Given information:
------------------------
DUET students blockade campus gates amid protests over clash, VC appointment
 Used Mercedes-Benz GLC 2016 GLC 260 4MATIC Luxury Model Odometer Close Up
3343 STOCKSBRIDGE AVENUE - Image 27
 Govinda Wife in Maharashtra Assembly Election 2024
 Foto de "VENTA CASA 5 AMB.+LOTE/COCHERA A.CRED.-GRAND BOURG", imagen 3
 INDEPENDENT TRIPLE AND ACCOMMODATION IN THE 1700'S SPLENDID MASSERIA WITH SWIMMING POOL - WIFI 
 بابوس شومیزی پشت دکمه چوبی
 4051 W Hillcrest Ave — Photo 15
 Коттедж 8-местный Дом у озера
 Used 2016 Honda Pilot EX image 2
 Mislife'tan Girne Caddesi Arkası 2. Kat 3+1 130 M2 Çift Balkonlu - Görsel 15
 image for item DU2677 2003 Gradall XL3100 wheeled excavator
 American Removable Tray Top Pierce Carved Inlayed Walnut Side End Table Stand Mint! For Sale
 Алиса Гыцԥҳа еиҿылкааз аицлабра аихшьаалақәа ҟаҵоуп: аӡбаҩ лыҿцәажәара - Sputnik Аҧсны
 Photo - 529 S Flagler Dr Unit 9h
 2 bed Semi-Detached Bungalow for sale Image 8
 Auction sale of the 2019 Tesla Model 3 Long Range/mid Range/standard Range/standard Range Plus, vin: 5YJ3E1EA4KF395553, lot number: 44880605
------------------------
Write the lines out again exactly, beginning at the line that contains "American Removable Tray" and stopping only at the final line of the listing above.

 American Removable Tray Top Pierce Carved Inlayed Walnut Side End Table Stand Mint! For Sale
 Алиса Гыцԥҳа еиҿылкааз аицлабра аихшьаалақәа ҟаҵоуп: аӡбаҩ лыҿцәажәара - Sputnik Аҧсны
 Photo - 529 S Flagler Dr Unit 9h
 2 bed Semi-Detached Bungalow for sale Image 8
 Auction sale of the 2019 Tesla Model 3 Long Range/mid Range/standard Range/standard Range Plus, vin: 5YJ3E1EA4KF395553, lot number: 44880605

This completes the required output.